Apesar da insatisfação geral em relação aos números previstos, o plenário optou, por 15 votos a 4, por estabelecer o teto de 20% para o remanejamento de recursos já para 2020, a título de enfatizar a necessidade de que o Executivo pratique o planejamento e o estabelecimento de prioridades para as peças seguintes. Espera-se, assim, que a mudança – tida como “um remédio amargo” – sirva de gatilho para a elaboração de propostas menos discrepantes em relação à execução efetiva de gastos e investimentos, a começar pela proposta para 2021, a ser apresentada daqui a um ano.
Justificativa
“O orçamento total foi estimado em R$ 578 milhões, mas existem muitas questões pelas quais na prática não se executa esse valor todo”, observa o vereador Professor Pierre. “Historicamente os orçamentos reproduzem a mesma estrutura, porque não existe discussão, não há planejamento de verdade em Nova Friburgo. O orçamento é feito de forma isolada, fragmentada, no âmbito do Executivo, e aí todo ano é um verdadeiro ‘copia e cola’ do ano anterior, só pequenos ajustes são feitos. Então, os descalabros, as diferenças que existem no orçamento, de maneira geral, vêm se repetindo. E se soma à essa problemática a falta de participação. Frequentemente, durante as audiências públicas, eu fico sozinho junto com os técnicos, e em outras oportunidades tenho a companhia dos vereadores Zezinho do Caminhão e Johnny Maycon.”
O presidente da Comissão de Finanças e Orçamento também explicou que foi deliberada a decisão de ler e apresentar os números aos companheiros de plenário, e a todos que acompanharam a sessão, presencialmente ou pela TV Câmara. “Hoje eu detalhei a leitura de propósito, contextualizei, mostrei o ponto nervoso de cada matéria, e fui mostrando os números. Ocorre que esses números, em verdade, sempre existiram. Esse absurdo sempre existiu, mas a Câmara sempre concedeu altos percentuais de remanejamento ao prefeito”, disse.

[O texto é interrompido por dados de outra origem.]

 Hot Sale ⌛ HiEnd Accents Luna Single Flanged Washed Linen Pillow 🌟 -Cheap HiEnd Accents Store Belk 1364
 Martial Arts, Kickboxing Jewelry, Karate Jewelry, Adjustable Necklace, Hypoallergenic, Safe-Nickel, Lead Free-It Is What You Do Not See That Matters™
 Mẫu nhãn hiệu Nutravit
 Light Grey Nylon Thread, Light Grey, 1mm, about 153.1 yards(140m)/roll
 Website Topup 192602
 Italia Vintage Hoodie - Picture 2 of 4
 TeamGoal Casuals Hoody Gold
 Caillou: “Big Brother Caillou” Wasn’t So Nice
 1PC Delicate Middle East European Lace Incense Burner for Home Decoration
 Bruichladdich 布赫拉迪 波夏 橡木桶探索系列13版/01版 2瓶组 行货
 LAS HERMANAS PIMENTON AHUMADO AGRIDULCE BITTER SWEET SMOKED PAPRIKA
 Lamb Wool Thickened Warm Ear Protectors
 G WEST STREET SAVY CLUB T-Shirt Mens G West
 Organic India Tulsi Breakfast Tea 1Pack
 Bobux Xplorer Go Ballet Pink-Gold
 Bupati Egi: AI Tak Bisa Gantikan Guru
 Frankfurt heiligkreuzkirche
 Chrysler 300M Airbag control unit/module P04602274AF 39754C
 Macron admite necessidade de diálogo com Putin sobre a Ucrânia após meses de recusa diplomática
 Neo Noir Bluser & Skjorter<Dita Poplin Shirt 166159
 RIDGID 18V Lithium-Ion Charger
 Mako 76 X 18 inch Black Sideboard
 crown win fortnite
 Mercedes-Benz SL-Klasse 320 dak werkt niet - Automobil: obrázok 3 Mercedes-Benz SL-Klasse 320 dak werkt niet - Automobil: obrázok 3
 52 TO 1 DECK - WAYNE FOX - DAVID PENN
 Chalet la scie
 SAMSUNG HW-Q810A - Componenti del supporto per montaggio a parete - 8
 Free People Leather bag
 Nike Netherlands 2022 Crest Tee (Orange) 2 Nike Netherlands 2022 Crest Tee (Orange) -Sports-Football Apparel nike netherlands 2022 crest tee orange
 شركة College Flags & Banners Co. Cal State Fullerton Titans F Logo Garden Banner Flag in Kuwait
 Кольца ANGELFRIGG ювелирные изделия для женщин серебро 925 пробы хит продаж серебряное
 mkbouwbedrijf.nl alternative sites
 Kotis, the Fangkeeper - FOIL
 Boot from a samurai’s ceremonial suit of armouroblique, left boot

“Durante anos, sempre entendi que deveria haver um limite para poder forçar o governo a se planejar”, continua Pierre. “Não tenho poder, tempo ou condição de modificar todo o orçamento, não temos a participação de grande massa dos vereadores, a sociedade não participa. Como fazer? Então entendemos que o primeiro remédio seria o corte do percentual de remanejamento.”
Pierre destacou, por fim, que “houve emendas importantes na área de agricultura, promovida pelo vereador Alcir Fonseca. Houve emendas técnicas na área da Saúde, da Educação, mas o grande avanço que se teve é que há mais de dez anos não se consegue limitar tanto um remanejamento de orçamento, como esse. E isso é necessário para que a Câmara consiga saber o que a prefeitura está fazendo com o dinheiro público. Essa é uma medida fundamental para que a Câmara possa ter uma ideia mais clara e exercer sua função constitucional como órgão de controle”, encerrou.
Números
A receita e a despesa do orçamento do ano de 2020 estão no montante de R$ 578 milhões. A previsão de despesas com pessoal é de R$ 200 milhões, ao passo que a aplicação com Educação será de R$ 72 milhões. Em Saúde, por sua vez, será aplicado o montante de R$ 58 milhões.
Os números apresentam pequenas variações em relação ao ano passado, quando a previsão total era de R$ 568 milhões, com a despesa com pessoal chegando a R$ 195 milhões e os investimentos em Educação e Saúde se situaram, respectivamente, na faixa de R$ 70 milhões e R$ 66 milhões.
O remanejamento foi limitado a 20%, ante 30% de anos anteriores. Também foi suprimida a possibilidade de remanejamento de 100% para Saúde, Educação e Mobilidade Urbana.